The Space Needle's elevators were the last pieces to arrive before the opening, the last one just one day before the fair opened. New, computerized elevators were installed in 1993. The elevators travel 10 mph, 14 feet per second, 800 feet per minute, or as fast as a raindrop falls to earth. In fact, a snowflake falls at 3 mph, so in an elevator during a snowstorm it appears to be snowing up.
Storms occasionally force closure of the Space Needle, as they did for the Columbus Day storm of 1962 and the "Inauguration Day?storm of 1993 when winds reached 90 miles per hour. The Needle is built to withstand a wind velocity of 200 miles per hour. The Space Needle has withstood several tremors, too, including a 2001 earthquake measuring 6.8 on the Richter scale. The tallest building west of the Mississippi River when it was built, the Space Needle has double the 1962 building code requirements, enabling the structure to withstand even greater jolts.
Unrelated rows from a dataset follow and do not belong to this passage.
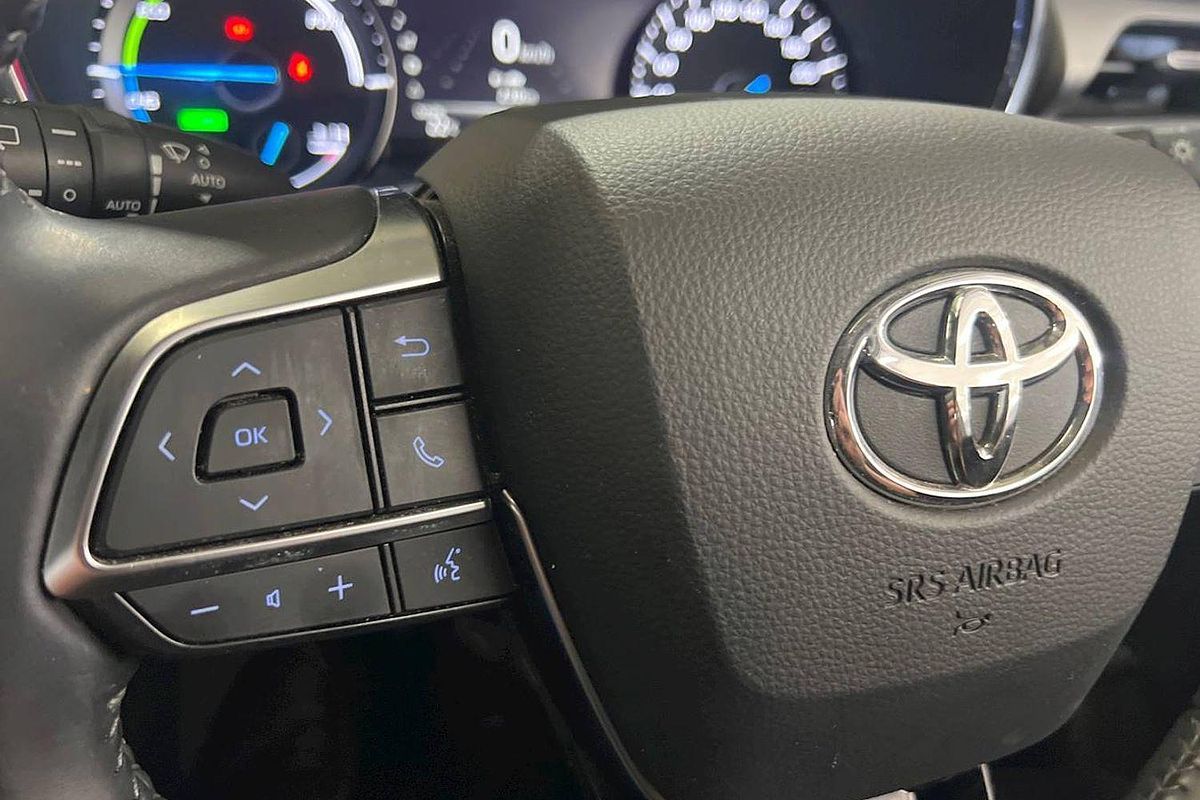 2021 Toyota Kluger Grande AXUH78R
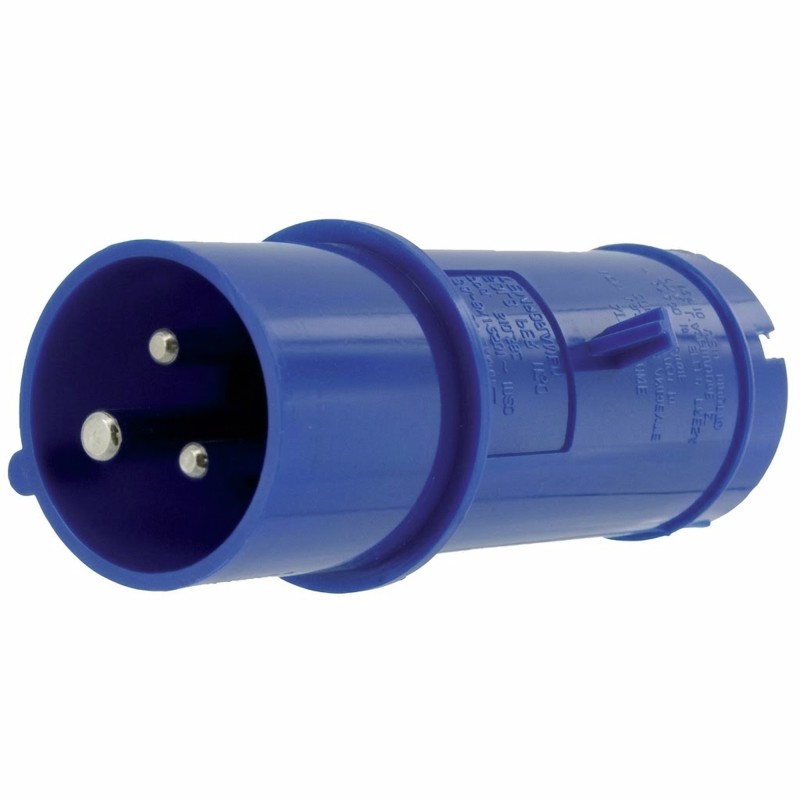 CONNECTEUR FEMELLE STANDARD + MALE CEE 17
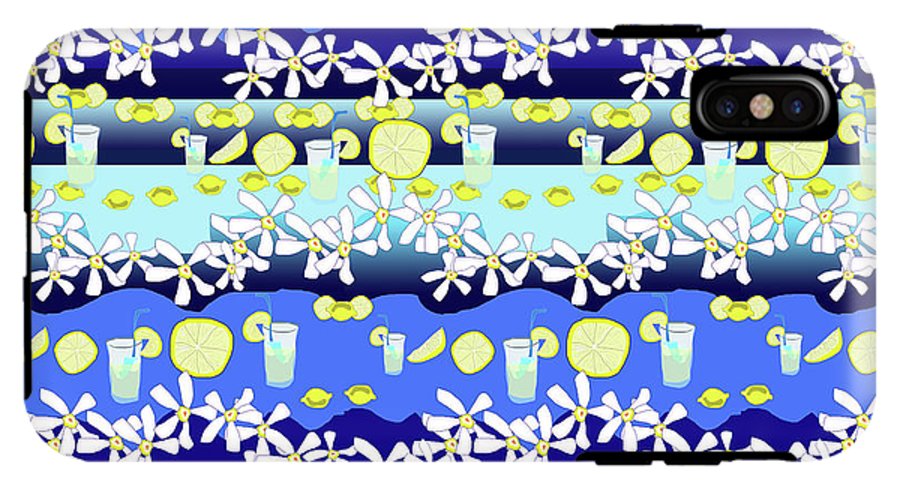 Lemonade Pattern - Phone Case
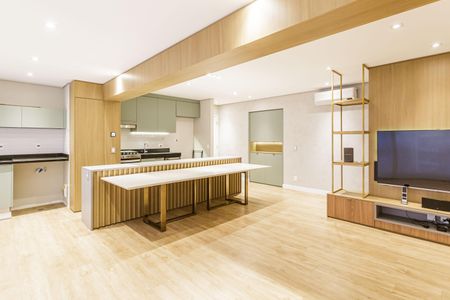 Apartamento à venda com 81m², 2 quartos e 2 vagas Apartamento à venda com 81m², 2 quartos e 2 vagasSala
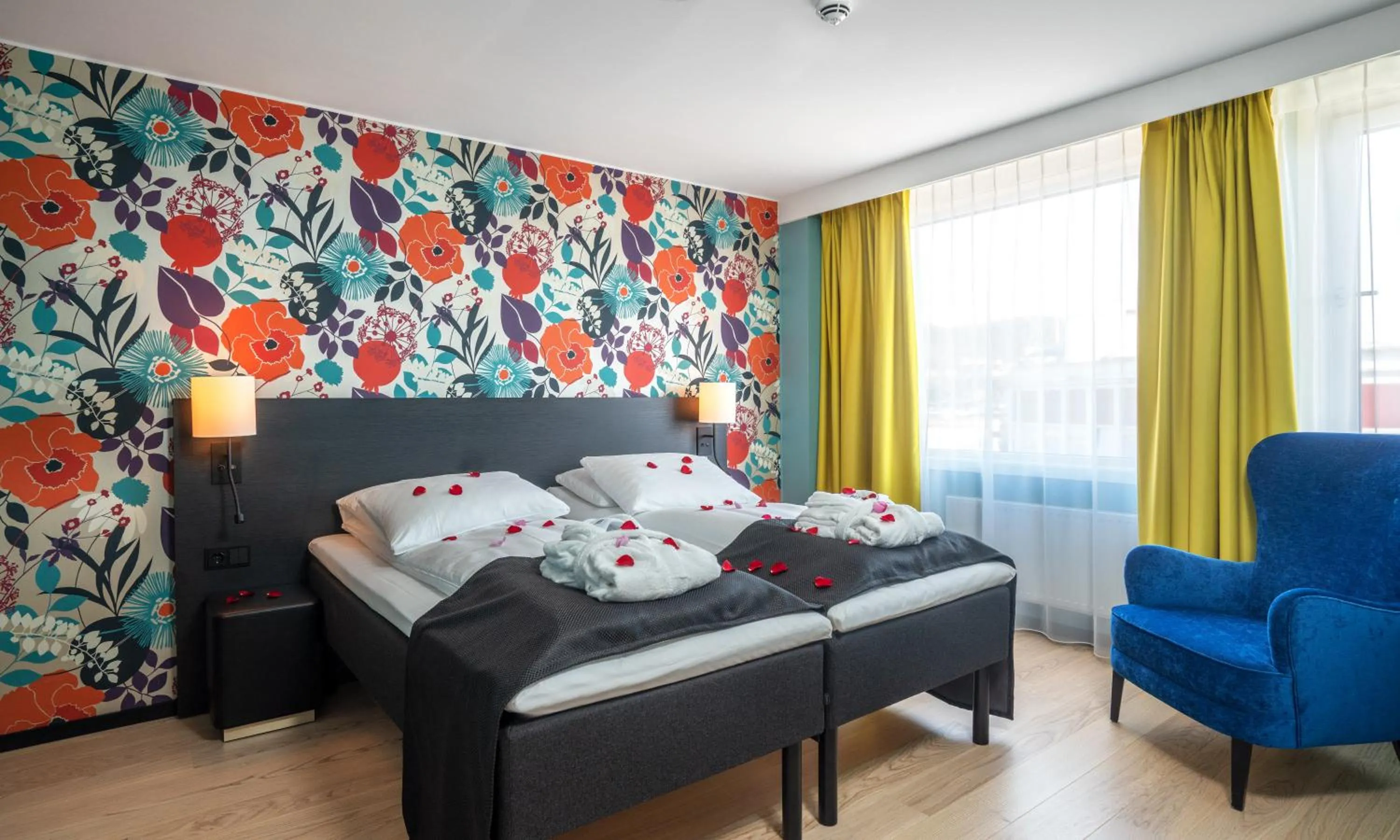 Bedroom, Bed in Thon Hotel Harstad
The Space Needle was built for just $4.5 million, and has had its share of milestones, including numerous weddings and a jump by six parachutists. During the World's Fair, nearly 20,000 people a day traveled to the top. The Space Needle hosted over 2.3 million visitors during the Fair and is still, nearly 40 years later, Seattle's number one tourist destination.
In 2000, the Space Needle completed a $20 million revitalization. The year long project included construction of the Pavilion Level, SpaceBase retail store, SkyCity restaurant, O Deck overhaul, exterior lighting additions, Legacy Light installations, exterior painting and more.